细问题：以 EarthShift 为核心，设计一个遥感模型真实分布偏移评测套件，覆盖跨城市、跨国家、跨气候带、跨季节、跨 GSD、跨传感器，比较 GeoFM、传统监督模型、TTA 方法，并提出报告模板。  
范围：光学/多光谱遥感优先；不把 SAR-only 设置作为主线。若某 benchmark 含 SAR 或多模态，只保留可用光学/多光谱任务或标注为 mixed-modality。

## 1. 结论先行

EarthShift 把 2024-2026 GeoFM 评测里最关键的问题挑明了：当前大量遥感 benchmark 主要测的是 in-distribution performance，但真实部署经常遇到新的时间窗口、地理区域、空间尺度和传感器。EarthShift 官方页说明其覆盖 5 类 shift、11 个任务和 8 个 geospatial foundation models；论文摘要报告 GFMs 在 OOD 上平均约 15-20% 性能下降，并且这种下降不因模型结构、尺寸、预训练或微调策略而自然消失。

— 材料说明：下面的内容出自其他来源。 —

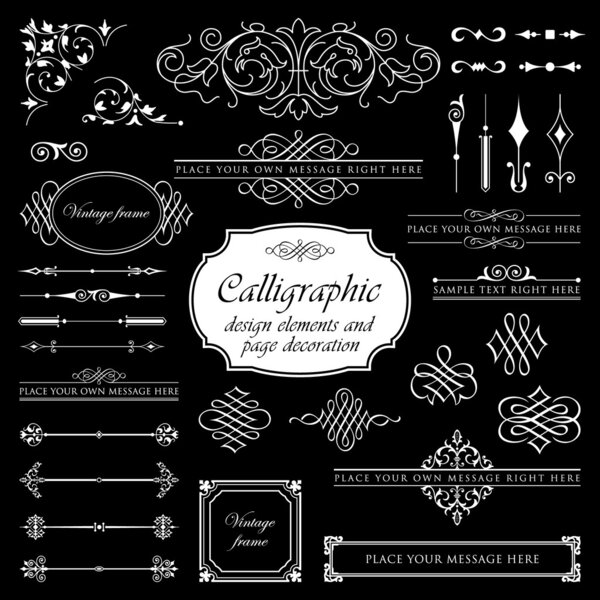 Calligraphic design elements and page decoration set 2 - Isolated On Black Background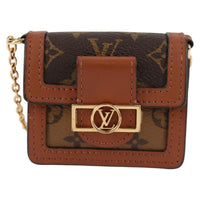Louis Vuitton Dauphine Shoulder Bag Reverse Monogram Canvas Brown Canvas Clutche & Pouche Bag (Authentic Pre-Loved)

因此，一个可投稿的小方向不是“再做一个平均精度更高的 GeoFM”，而是做一个更可解释、更可诊断、更贴近部署的 robustness suite：明确每类 shift 的因果来源，区分模型能力、数据泄漏、传感器差异和标签体系变化，并把结果报告成性能、鲁棒性、校准、效率和失败类型的组合。

## 2. 问题由来

遥感数据的分布偏移比自然图像更“结构化”：

- 地理偏移：同一类建筑、道路、农田、水体在不同城市、国家、气候带中的纹理和上下文不同。
- 时间偏移：季节、作物物候、施工进度、灾害前后、传感器重访周期都会改变表观。
- 尺度偏移：GSD 改变后，同一对象的像素大小和局部纹理完全不同。
- 传感器偏移：Sentinel-2、Landsat、Planet、NAIP、航空 RGB、无人机影像的谱段、响应函数、噪声和分辨率不同。
- 标注/任务偏移：land cover、land use、object、parcel-level label、行政产品标签之间语义不完全一致。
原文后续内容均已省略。